Personal information
- Full name: Mirka Francia Vasconcelos
- Nationality: Cuban/Italian
- Born: 14 February 1975 (age 51) Santa Clara, Cuba
- Hometown: Perugia
- Height: 1.84 m (6 ft 0 in)
- Weight: 73 kg (161 lb)
- Spike: 3.24 m (128 in)
- Block: 3.10 m (122 in)

Volleyball information
- Position: Middle blocker (Cuban national team) / Wing spiker
- Number: 16 (Cuban national team)

National team
| 1991–2000 | Cuba |

Honours
Women's volleyball
Representing Cuba
Olympic Games
| Gold medal – first place | 1996 Atlanta | Team |
| Gold medal – first place | 2000 Sydney | Team |
World Championship
| Gold medal – first place | 1994 Brazil | Team |
| Gold medal – first place | 1998 Japan | Team |
FIVB World Cup
| Gold medal – first place | 1999 Japan | Team |
World Grand Champions Cup
| Silver medal – second place | 1997 Tokyo |  |
World Grand Prix
| Gold medal – first place | 1993 | Team |
| Gold medal – first place | 2000 | Team |
| Silver medal – second place | 1994 | Team |
| Silver medal – second place | 1996 | Team |
| Silver medal – second place | 1997 | Team |
| Bronze medal – third place | 1995 | Team |
| Bronze medal – third place | 1998 | Team |
NORCECA Championship
| Gold medal – first place | 1991 Regina |  |
| Gold medal – first place | 1993 Colorado Springs |  |
| Gold medal – first place | 1995 Santo Domingo |  |
| Gold medal – first place | 1997 Caguas |  |
| Gold medal – first place | 1999 Monterrey |  |
Pan American Games
| Gold medal – first place | 1991 Havana | Team |
| Gold medal – first place | 1995 Mar Del Plata | Team |
| Silver medal – second place | 1999 Winnipeg | Team |
Central American and Caribbean Games
| Gold medal – first place | 1998 Maracaibo | Team |

= Mirka Francia =

Cuban-Italian volleyball player

Mirka Francia Vasconcelos (born 14 February 1975) is a Cuban-Italian retired volleyball player who won two Olympic gold medals with the Cuban women's national volleyball team. At 1.84 m (6 ft) tall, she played as a middle blocker before transitioning to an outside hitter later in her career.

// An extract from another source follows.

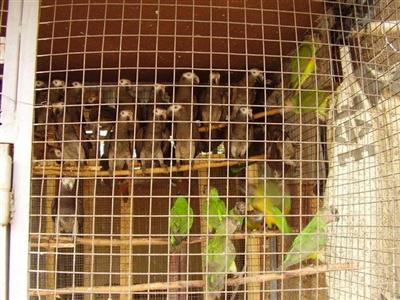 perroq (Medium) (Small) (Small) (Custom).jpg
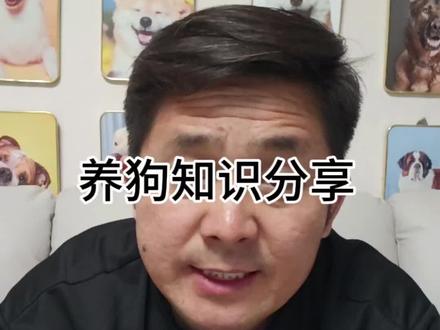 养狗知识分享#养狗知识分享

Francia was inducted into the International Volleyball Hall of Fame in 2019.

==National team==
Born in Santa Clara, Cuba, Francia first played volleyball at age nine, and joined the junior national team in Havana four years later. She won gold medals with the national team at the 1996 Summer Olympics in Atlanta and at the 2000 Summer Olympics in Sydney. She played on the national team that won the FIVB World Championship in 1994 and 1998. She also helped Cuba win the gold medal at the 1995 Pan American Games and the silver medal at the 1999 Pan American Games.

==Club volleyball==

In the 1998–99 season, Francia played for Romanelli Firenze in the Italian second division before joining Sirio Perugia for the following season. She skipped the 2000–01 season because of pregnancy, but rejoined Sirio Perugia the next year. With the team, she won the Italian Championship three times (2002–03, 2004–05, 2006–07) and the Italian Cup two times (2003, 2005). She also won the CEV Champions League title in 2006 and 2008, and was selected as the "Best Spiker" on both occasions. She then won the 2007 CEV Cup title, and was selected as the "Best Scorer". She acquired Italian citizenship in 2004.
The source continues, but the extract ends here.